Yuck! I do not like the look of this at all! Sure, what woman isn’t attracted to a healthy looking man? But I stress HEALTHY! Having body fat is not only good for those internal organs, but for the brain and protecting the spinal cord etc. Health people! Health!
The V has been attractive to women of my acquaintance for years (which I say to emphasize that it’s not just some new, made-up trend like Men’s Health’s journalism suggests), and in my experience it’s substantially easier to maintain than the six-pack (a man really doesn’t need low body fat to have some nice definition for the V; he just needs to avoid having high body fat). So men who were already working towards the six-pack will get this on the way. Men who didn’t care before don’t have some new, harder standard; they actually have a new goal which is probably easier. As we can see from the picture at the end of the post: he has no six-pack, but he definitely has the V.
As far as athletic performance goes, this is what I’ve heard from fairly serious coaches: in men, 6-7% BF will probably require some performance sacrifices. Around 10% or so? Performance gets a lot better. But having substantial body fat is certainly not an advantage.
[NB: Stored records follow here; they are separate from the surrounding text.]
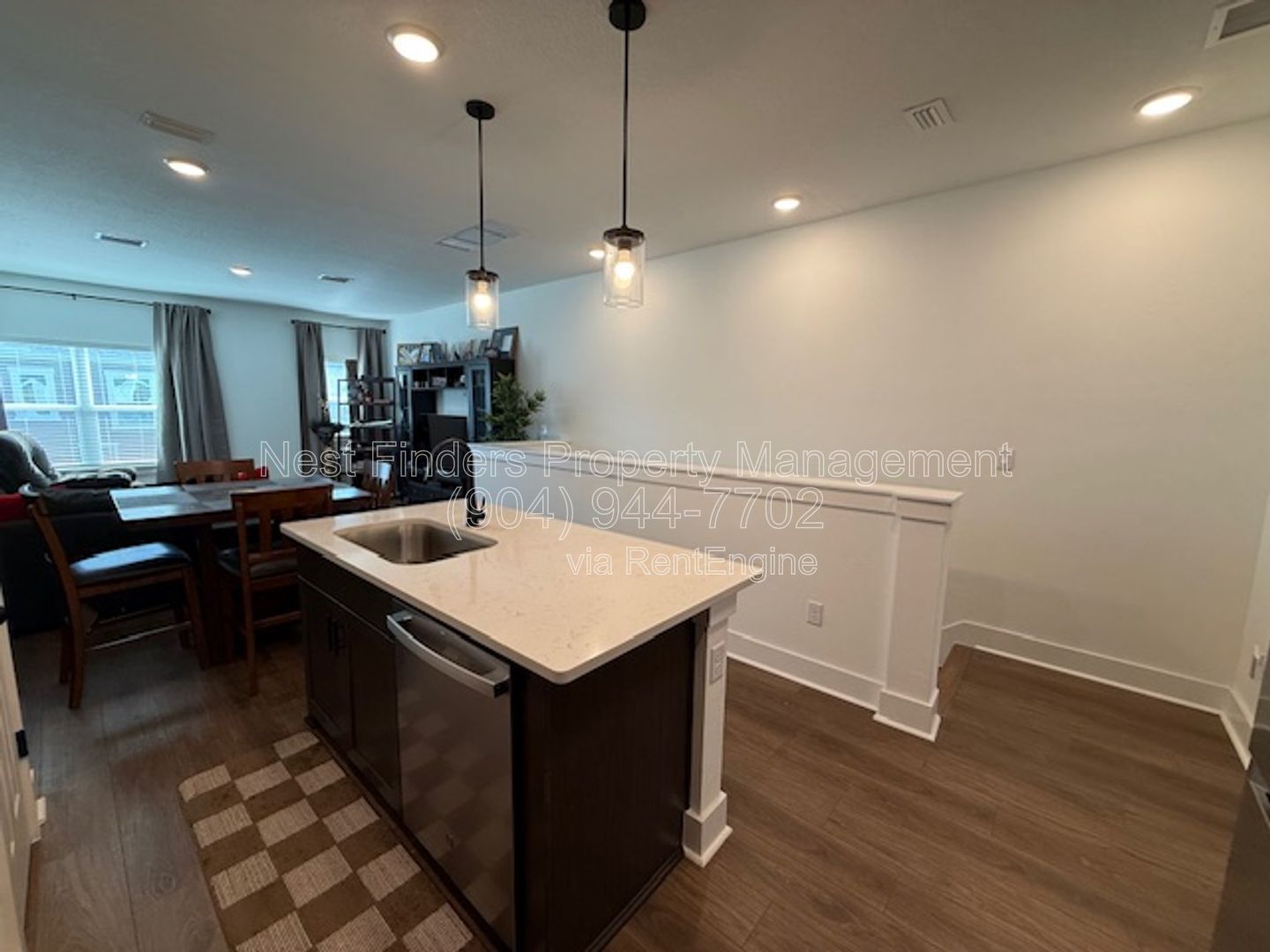 Stunning 2 bedroom townhome in eTown for rent! property image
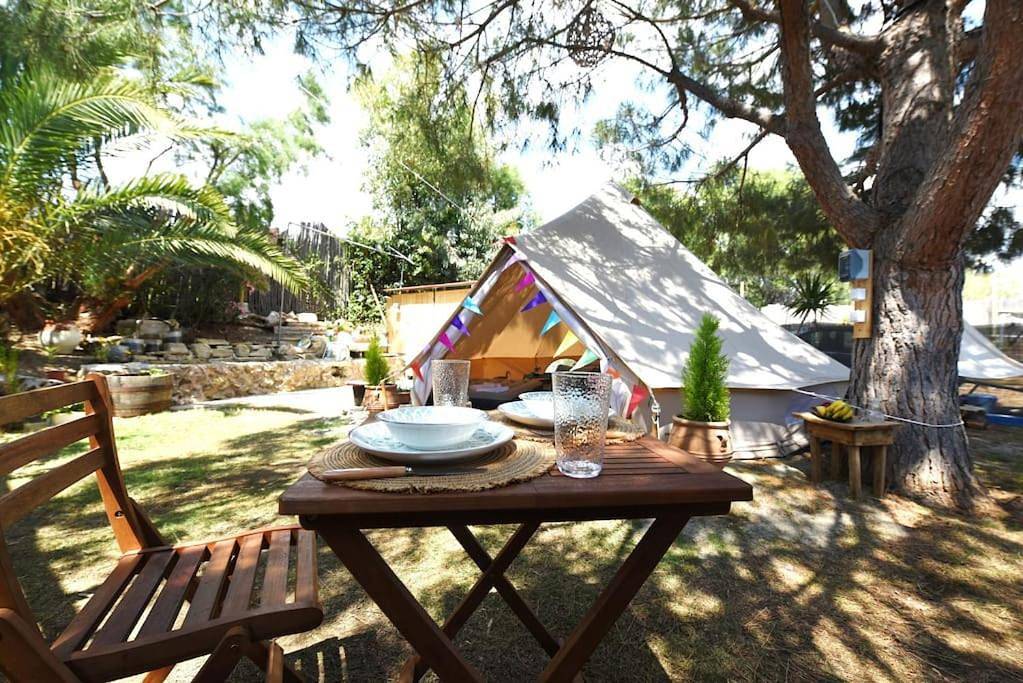 Tent in Kalamaki (Kreta), Heraklion region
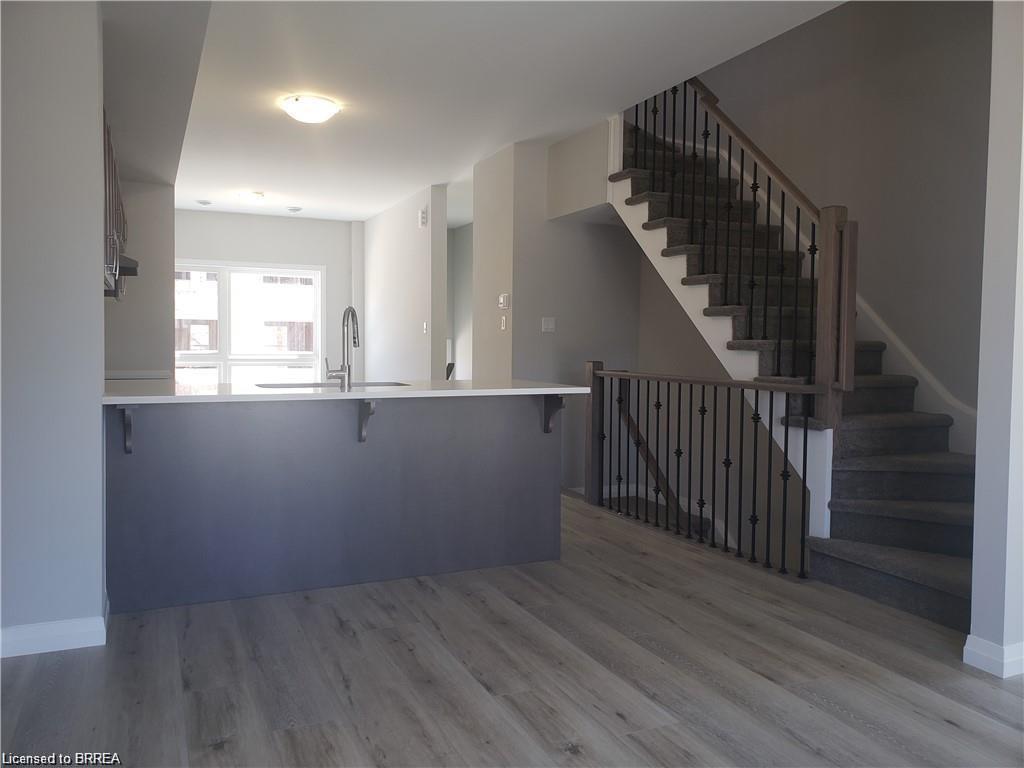 65-720 Grey Street, Brantford, ON - Indoor Photo Showing Other Room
Also, I’d like to point out that it’s pretty unkind of the other commenters to say “yuck” to this. No obligation to find any other person’s body attractive, of course, but if we’re wanting to say that fat people shouldn’t hear their bodies talked about as gross or whatever, then certainly neither should lean people.
Agree completely about the body shaming. Body acceptance and respect all round please. Thanks for pointing it out.